When Bilko left the carnival that afternoon, he was wearing a t-shirt and carried his Pall Malls rolled up in his right arm sleeve.
He thought he should call Lori before going over, so he stopped at a bar near the address on the card she gave him, he could get something to drink, relax and think a little.
It was a quiet place with a billiard table in the rear. The lights were low, a few people talking. The lissome golden spirits he drank tickled his spine and relaxed his neck.
He could talk to a friend if he wanted to, he told himself. He didn’t have to say anything to Hormat. It was his business. He was a living, breathing person, after all.
An image of Lori’s eyes, her expression changing ever so subtly as he enters her, flashed through his mind. No! That wouldn’t happen. It would be the end of everything. So, what was he doing there, anyway?, he asked himself, but the question seemed irrelevant.
Bilko lit a cigarette and withdrew her card from his back pocket. He put it on the bar in front of him, careful not to get it wet, and stared at it for a long time before picking it up.

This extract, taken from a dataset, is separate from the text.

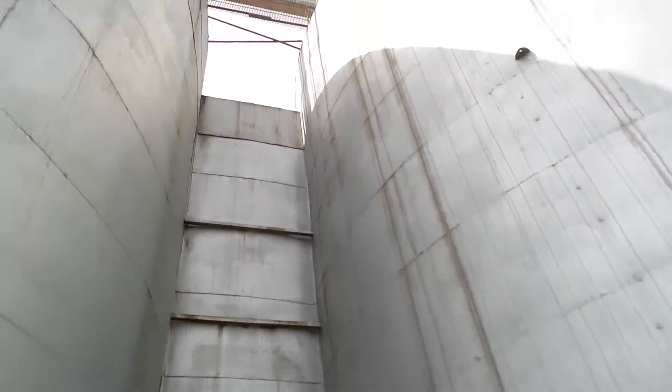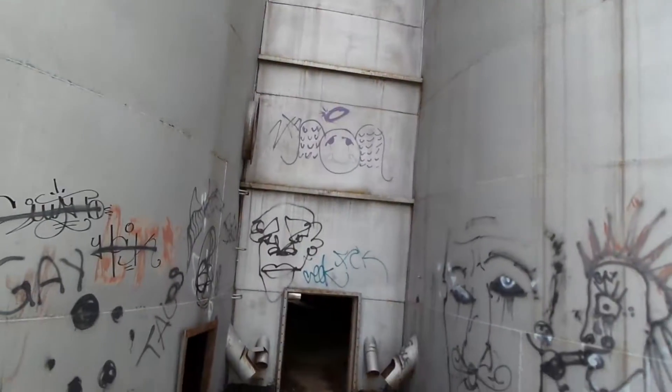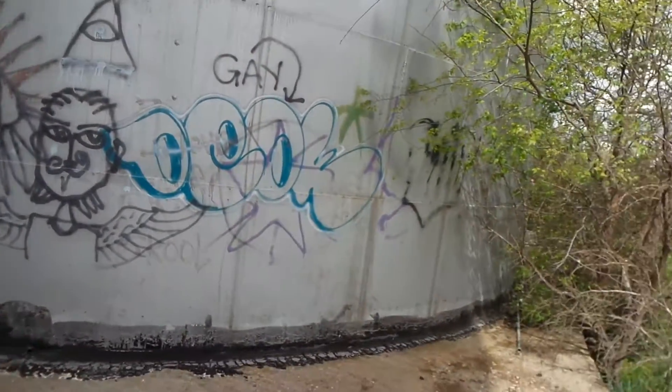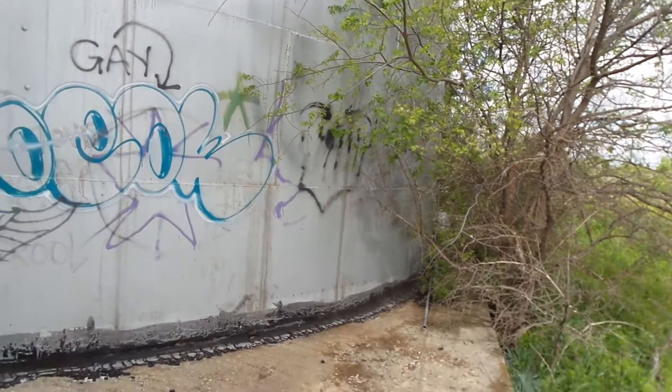This is an old grain silo from a long time ago. I'm not going up there. I wanted to take some pictures for historical purposes — I'm hoping to write a book about these old structures around town. Anyway, more later.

In front of the pay phone, he was twisting from side to side, nervously passing the phone from hand to hand, patting his stomach and wishing it was smaller. If she didn’t answer on the third ring, he would hang up and go home. He could just go home.
She answered on the second. It was her. That was Lori’s voice, but more real, alive than he remembered it. Bilko stopped for a second, then pushed on.
He coughed out a crusty ‘Hi, its me, Billy!’ and received a delighted response. His arm across his chest, he squeezed his right bicep hard.
If she wasn’t busy…
She wasn’t busy…. Just reading.
Bilko put down the receiver and patted his stomach again, tucking it inside his pants, and left the bar.
On his way to her apartment, he bought some flowers and a small box of candy and a bottle of wine.
He was exterior now, operating his reluctant, but excited body from the outside. He got out of the car, buzzed her apartment, heard the door unbolt and walked up the dimly lit stairs.
Then, she was standing in front of him in bare feet, pajama bottoms and a heavy flannel shirt covered with teddy bears. She raised up on her toes and put her arms around him.
Bilko could feel the full length of her body against his, he picked her up and pulled her close with one hand on her back and the other on her buttocks.
Putting her down, his hands slid from her stomach over the smooth curves of her hips to her legs- it was as though she was wearing nothing at all.
He grinned.
She took the gifts inside to the coffee table in front of the couch.
“Well, come in, Billy,” she said, smiling at the man at the door.
Bilko flushed a little and laughed, his hands were sweaty. He walked to the couch and sat, watching her. He wanted to be familiar and charming but he couldn’t think of anything to say, funny or poignant.
“So, tell me what has been happening,” he said, looking away.
Lori laughed a little and said, “Let me open that wine.”
She got up to get a corkscrew from the kitchen and passed Bilko touching his knees with her fingertips.
That was the moment. He could hold back no longer, he either had to have her or be refused, and it would be fine either way.
Bilko reached for her flannel shirt and when she didn’t resist, he pulled her to him. Then he put his hands under her shirt and caressed her breasts.
He moaned audibly and Lori put her arms around him as a mother with a child. Lori leaned down to kiss him.
Her lips were soft and warm, nulling what inhibitions he had left.
He kissed her hard, pulling her to the couch. His arms and hands moved under her body pressing her to him.
Her shirt was off and he was kissing her chest and breasts and stomach. She was struggling with his pants.
She said, “Billy, let’s go into the other room.”
Bilko stopped.
“Come on, lets go into the other room, it will be nicer.”
Bilko stood, shuddering, shaking, anguished and said, “I can’t. I have to go.” and then, “I am sorry.” He left without looking back.
Only moments after he arrived, Bilko was again in the car smoking a cigarette, driving back to the bar he had just left, unsure what had happened, thinking nothing had happened, wishing it had never happened.